Regina Rheda is a contemporary award-winning Brazilian writer whose original voice and style have won her many admirers. First World Third Class and Other Tales of the Global Mix presents some of her finest and most representative work to an English-speaking readership. Stories from the Copan Building consists of eight tales set in a famous residential building in São Paulo. The stories, like the apartment complex, are a microcosm of modern-day urban Brazil. They are witty, consistently caustic, and never predictable.

Also in this volume is the poignant and often hilarious novel First World Third Class. It depicts young middle-class professionals and artists who, as opportunities in Brazil diminished, opted to leave their country, even if it meant taking menial jobs abroad. At the center of the narrative is Rita, a thirty-year-old aspiring filmmaker who migrates to England, and then Italy. She looks for work and love in all the wrong places, moving from city to city and from bed to bed.

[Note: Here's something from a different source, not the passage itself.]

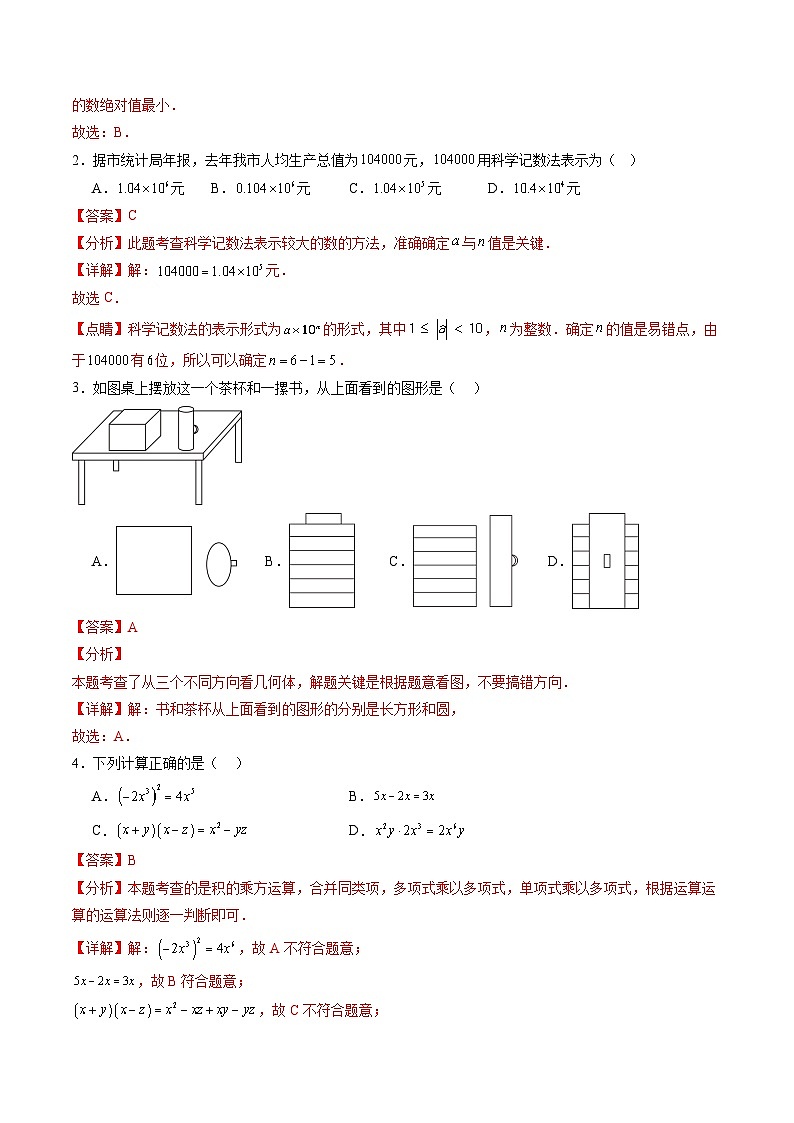 2024年中考数学第二次模拟考试(吉林卷)02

The last three stories in this collection also happen to be among the author's most recent. "The Enchanted Princess" is an ironic title for a postfeminist tale of a South American woman being wooed to marry an old-world gentleman who promises to take care of her every need. "The Sanctuary" concerns the living conditions of immigrant workers and farm animals. Equally piquant in nature, "The Front" deals with ecology, labor environments, and gender politics.